There is a lot of mommy judging that happens every day, every minute, every second, and I would like to say that I am never on the judging end of things, but that would be a lie, I do.
I remember years ago I saw a mom with probably a two year old little boy, walking through - I happened to be at Walmart because I needed medicine for myself. I was there at 2 o'clock in the morning and there was a little boy running through the aisles, looking at toys, and at that moment I looked and I said, "Why is there a little kid here? That's so wrong."
I found myself at Walmart about a year later with my little boy who had just been diagnosed with Strep. I needed to get his medicine, we were at the ER, and he was running through the toy aisle. I saw a mother scowling at me, and I thought, "I am her, this is exactly the situation I so harshly judged, and now I am that woman!"

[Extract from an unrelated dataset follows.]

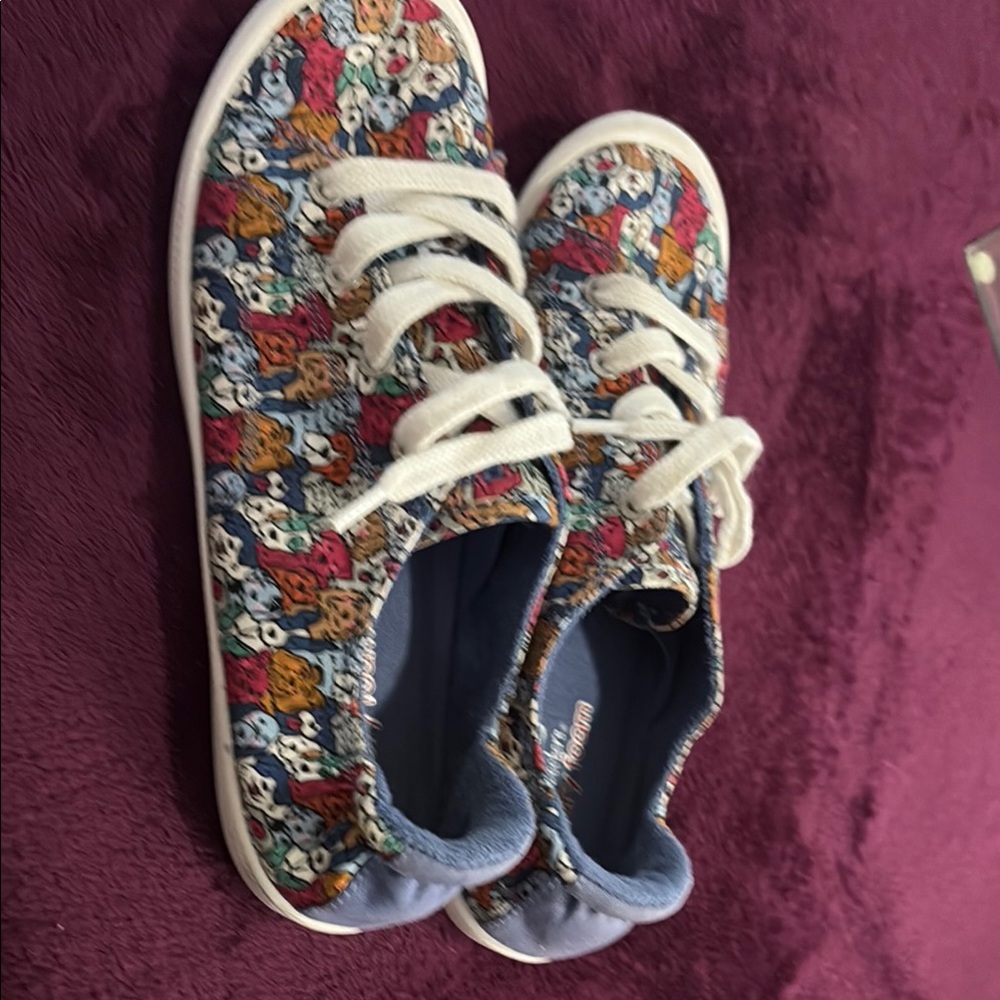 Bobs by Skechers Fun and Beautiful Sneakers with Vibrant puppies pattern! - Picture 4 of 6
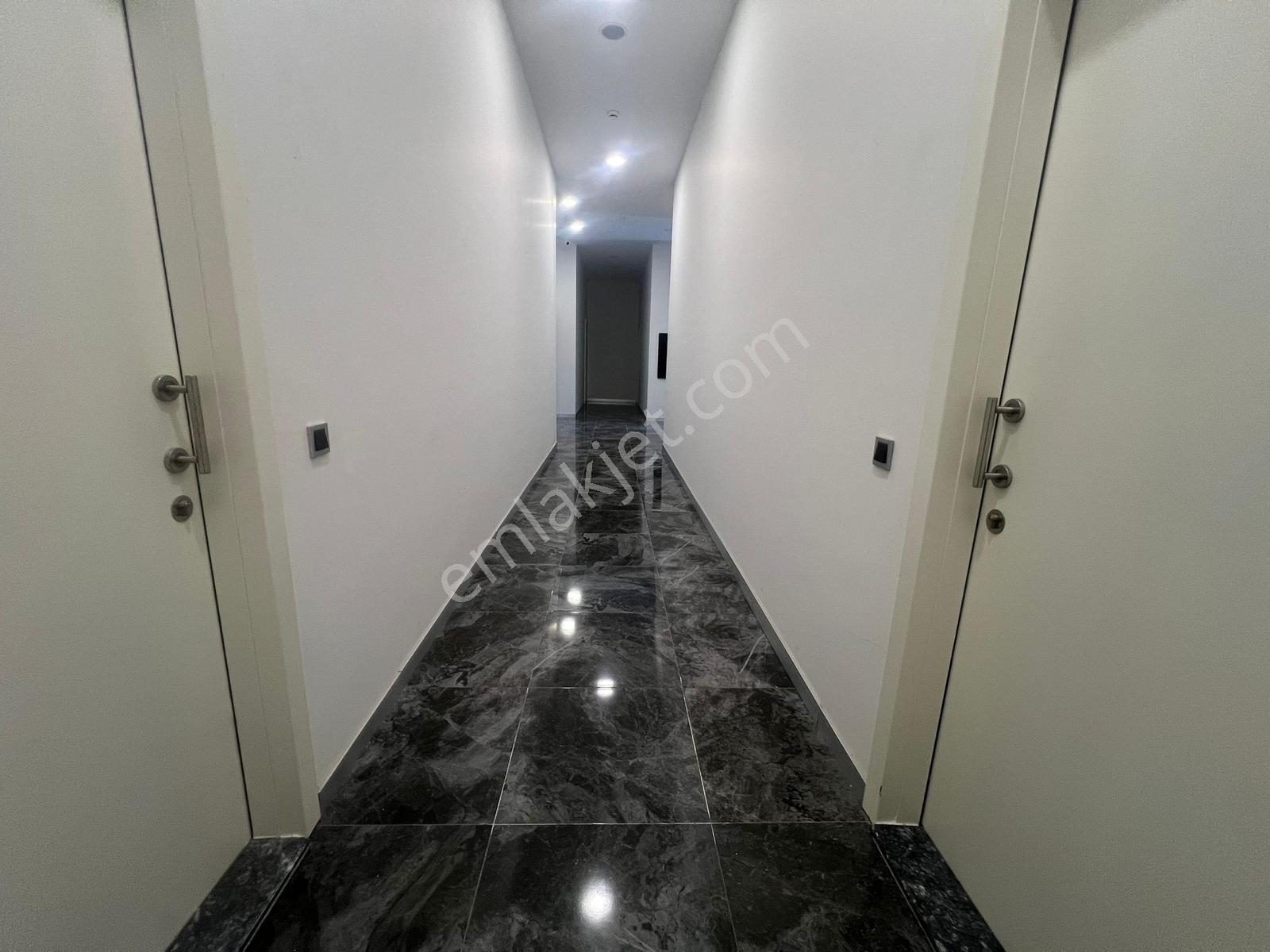 Büyükçekmece Marina 24 Sitesinde Deniz Manzaralı 3+1 Dubleks - Görsel 22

I think I am judged constantly, and there are moments of my life with my kids that I think, "I'm being such a good mom right now, if somebody were watching, I would be like mother of the year. I hope somebody saw this" and there are moments that I think if somebody saw this, they would want to hospitalize me, they're going to think I'm insane, and those moments happen throughout the day.
So I think just really try to keep that in perspective and whenever I get caught up, looking at another mom and sort of rolling my eyes and wondering what she's doing, I think back to that Walmart experience, that I have no idea what led her there, what her day has been like, how she got to where she is, because that could very well be me, and it probably will be me at some point in time.